Investing in China for Growth with FXI, EWH & EWC

By Yaser Anwar, CSC of Equity Investment Ideas

Few other countries have been able to match the pace of China's sustained economic growth. With GDP increasing, on average, more than 8 percent annually since 1978, China has become a major player in the global economy.

To play Chinese growth investors should take a look at the FXI exchange-traded fund. The index consists of 25 of the largest and most liquid Chinese companies.
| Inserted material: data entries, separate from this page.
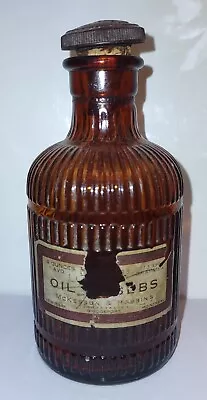 McKesson Robbins Oil Of? Paper Label Amber Medicine Bottle With Branded Closure  • $9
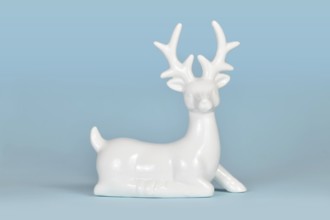 White ceramic Christmas or winter decoration deer figurine on light blue background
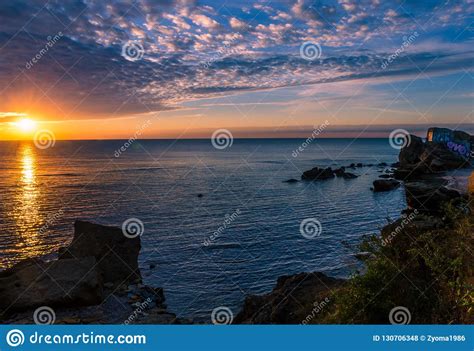 Seascape With Stones And Nice Sky During The Sunset Stock Photo Image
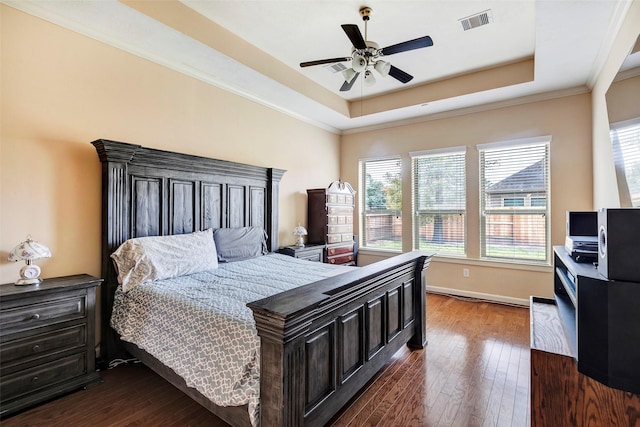 bedroom featuring a raised ceiling, ceiling fan, dark hardwood / wood-style floors, and crown molding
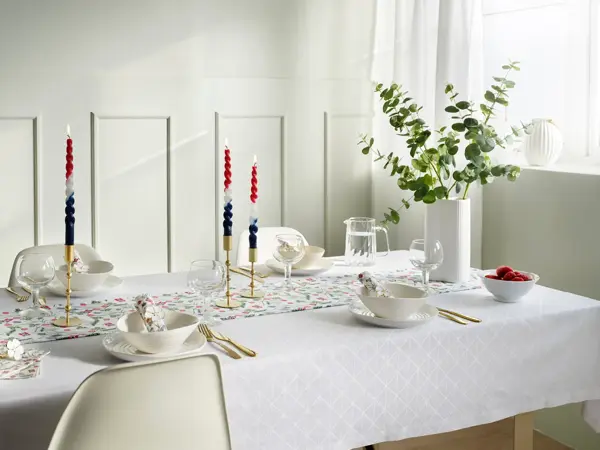 Langbord dekket med hvit duk, løper med blomster, vase med blomster, hvitt service og lysestaker.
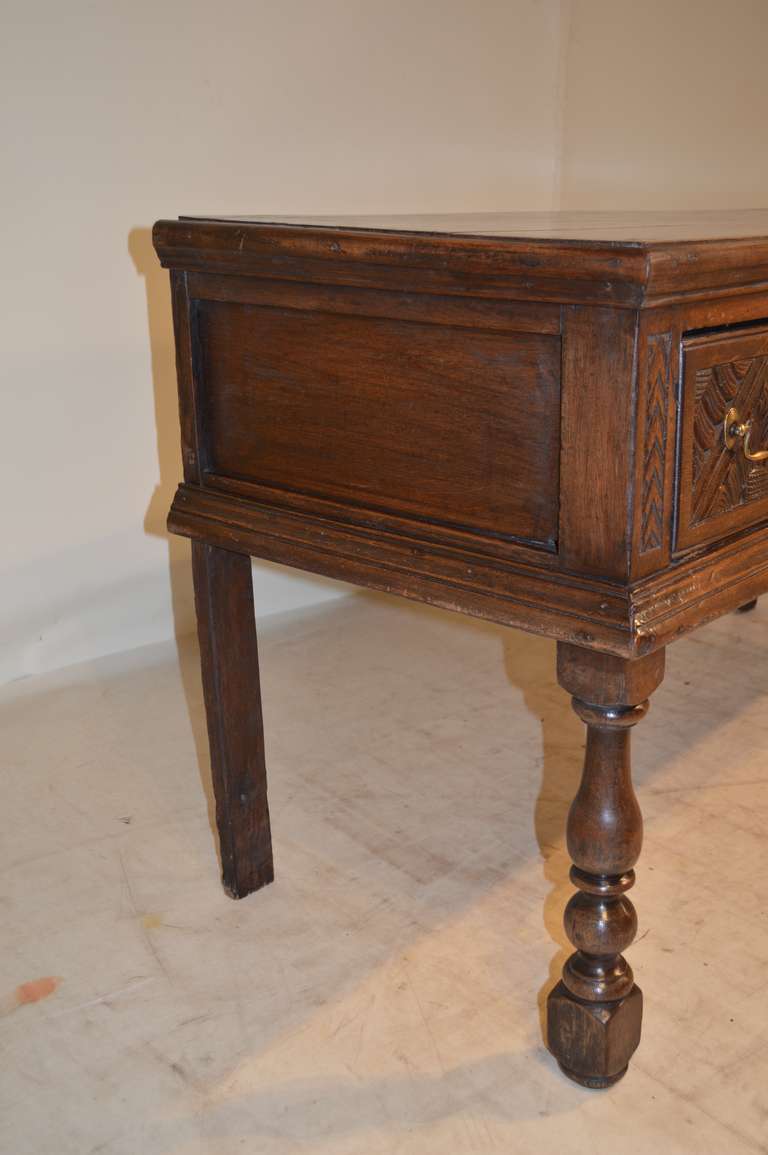 17th century English server made from oak. It has a plank top with a molded edge, following down to two drawers with exquisitely carved drawer fronts and paneled sides. Supported on front legs which are hand-turned and simple plank back legs, as was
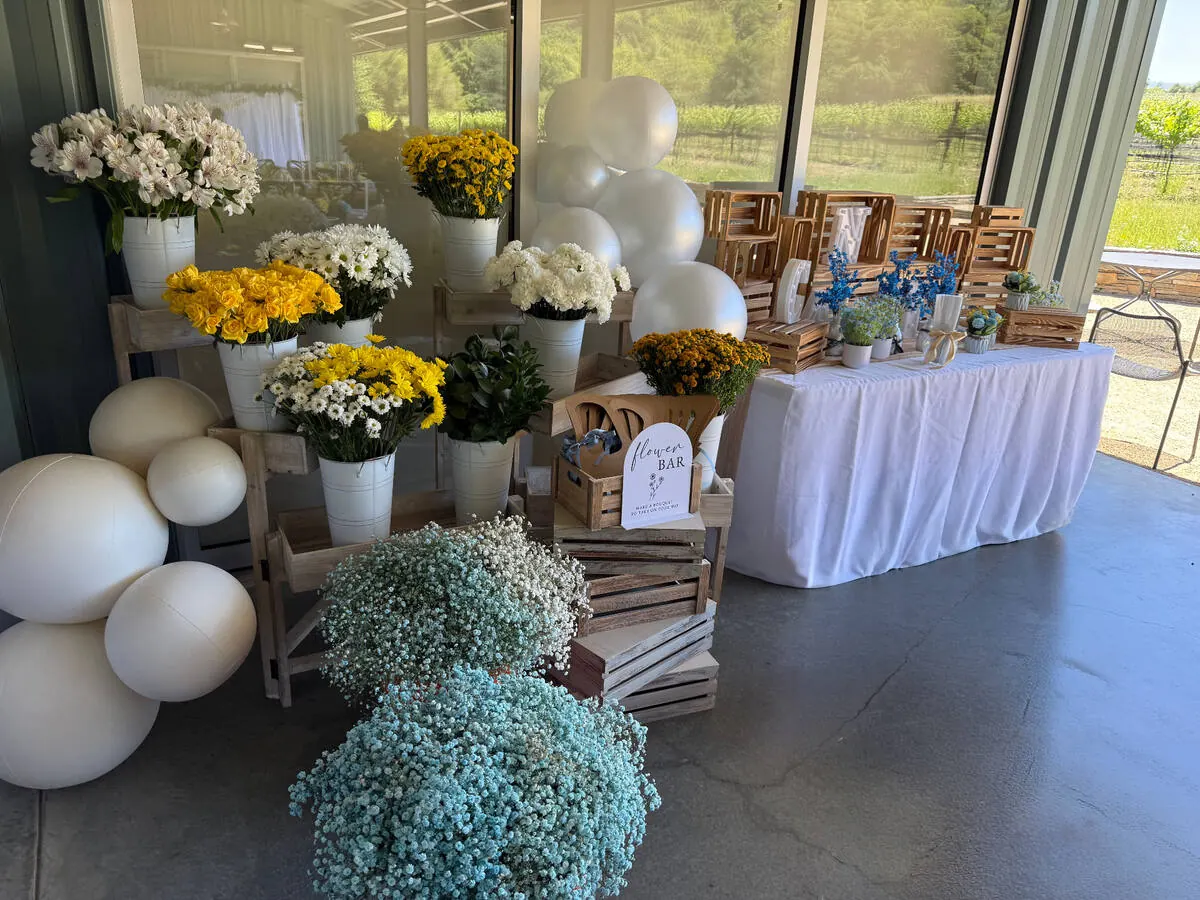 Bloom bar stocked with yellow roses, daisies and baby's breath beside ribbon and wrapping for guests — signature bloom bar for Oakland catering events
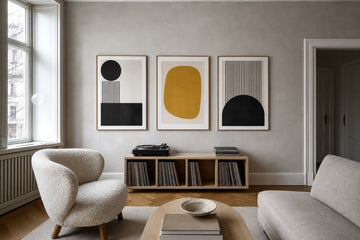 Nordic editorial refined Nordic living room featuring carefully composed framed-art vignette that directly illustrates the article subject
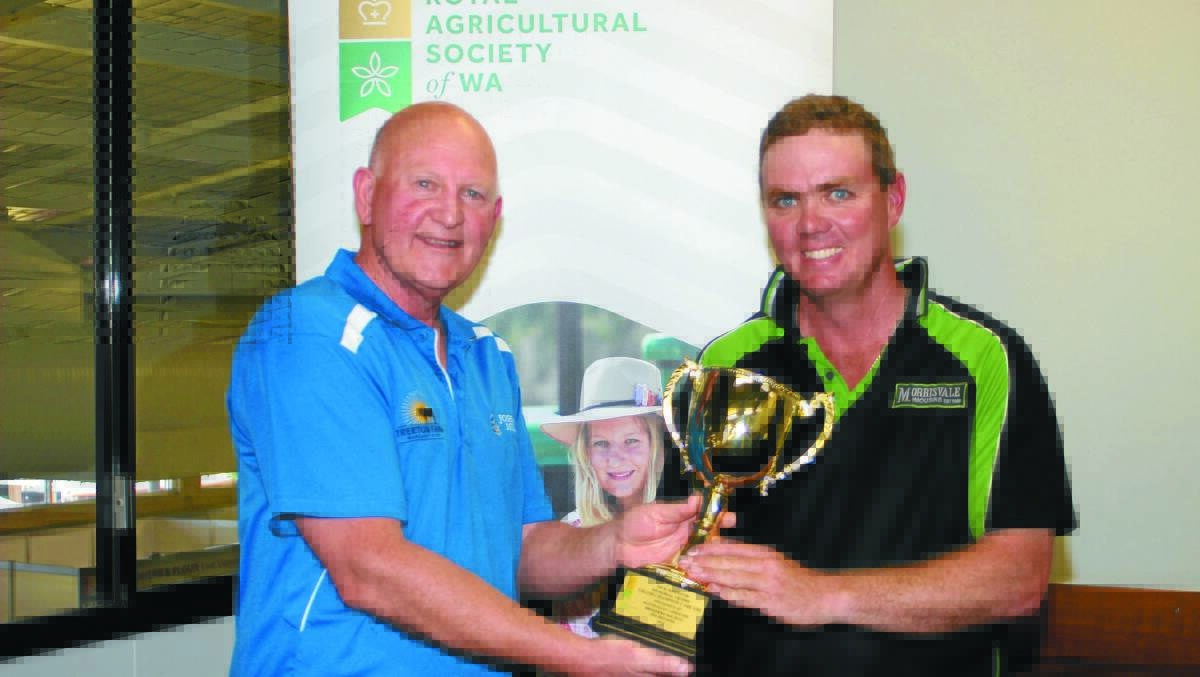 The Rob Millner trophy awarded for the highest number of points in the interbreed group of three purebred steers (hoof and hook), was awarded to the Limousin breed. Sponsor and Johnson Meats managing director Terry Russell (left), presented the trophy to James Morris, Morrisvale Limousin stud, Narrikup. The Morris family bred the three winning Limousin steers.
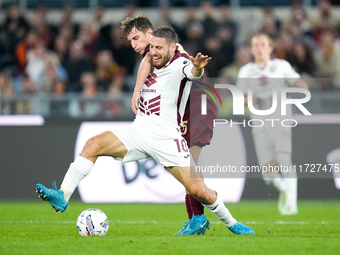 Nikola Vlasic of Torino FC and Tommaso Baldanzi of AS Roma compete for the ball during the Serie A Enilive match between Empoli FC and FC In...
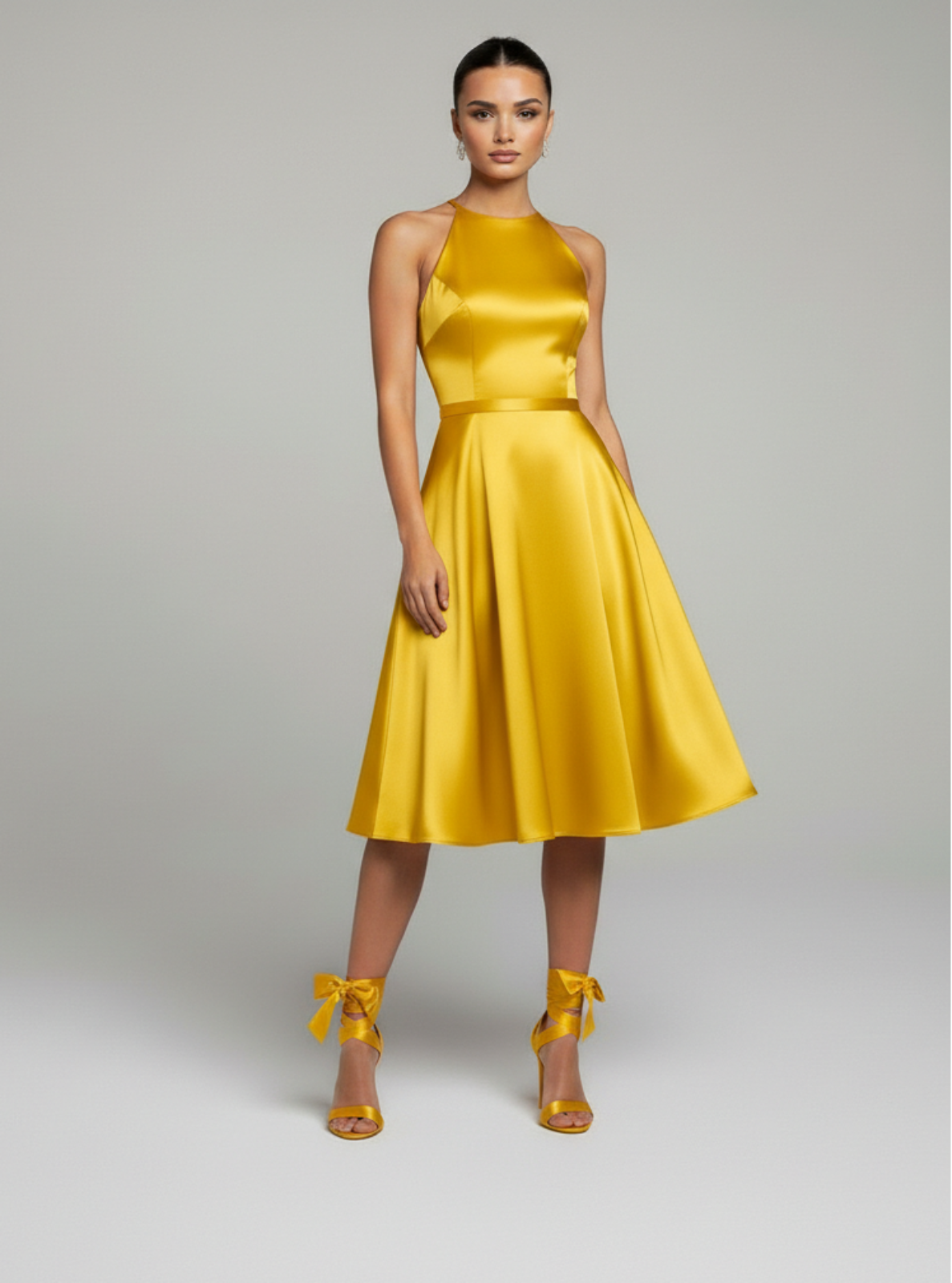 Woman wearing a yellow dress with matching shoes on a gray background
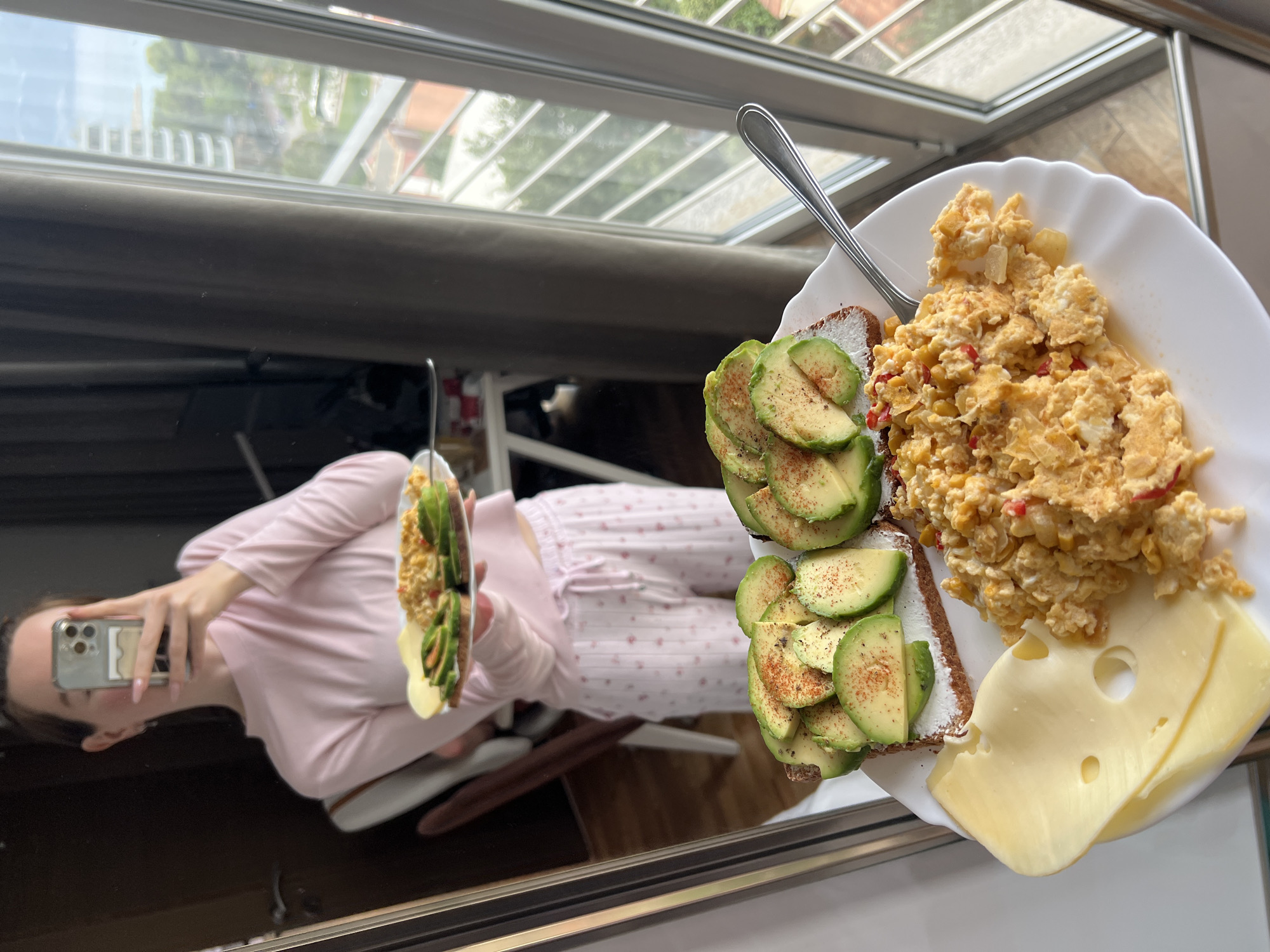 An overhead shot captures a breakfast spread presented on a white plate, resting on a highly reflective surface in Budva, Montenegro. The plate features a substantial serving of scrambled eggs mixed with corn and small pieces of red pepper, two slices of toast topped with avocado slices and a dusting of reddish spice (possibly paprika or chili powder), and two slices of Swiss cheese. A silver spoon is visible on the plate.
The reflective surface below the food reveals a person, likely female, wearing light pink long-sleeved pajamas with a subtle patterned print on the pants. This person is holding a smartphone, with a clear case, angled towards the food, indicating they are taking the photograph. Above the food, a large window or glass roof structure allows ample natural light into the space, reflecting a clear or partly cloudy sky, green foliage, and distant architectural elements. The scene suggests a bright daytime setting, likely indoors at a home or apartment. No discernible text is visible within the image.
The FXI ETF in itself is well diversified. From holdings in Oil (PetroChina, Sinopec & CNOOC), Technology (China Mobile), Financial Institutions (China Life Insurance & CITI Pacific) & Construction (China Construction Bank). The top five companies represent 40% of the index.

The FXI is up 27% YTD and is trading just below its 52 week high of $83.90 hit in early May. FXI has recouped 19% in two months after falling to $66 during the early summer doldrums, hence this goes to show relative strength & momentum in FXI.

China's exports rely on what may be an unsustainably low fixed exchange rate, this could play to your advantage. Investors can utilize an indirect vehicle tha benefits from not only Chinese growth but also currency movements through Hong Kong iShares EWH is one of them. This ETF has sizable allocations to Hong Kong real estate (33%), utilities (17%) and banking (16%).

While perusing Forbes, i read an unorthodox method to play China. The article talked about investing in the Canada iShares EWC as an indirect China play. The Chinese are going on a buying spree investing in Canadian energy companies and recently plunked down $2 billion to build a thousand-mile pipeline from Alberta tar sands to a port on the west coast and onward to Beijing and Shanghai.

The Canada iShares ETF EWC has 40% exposure to Canada’s energy & materials sector.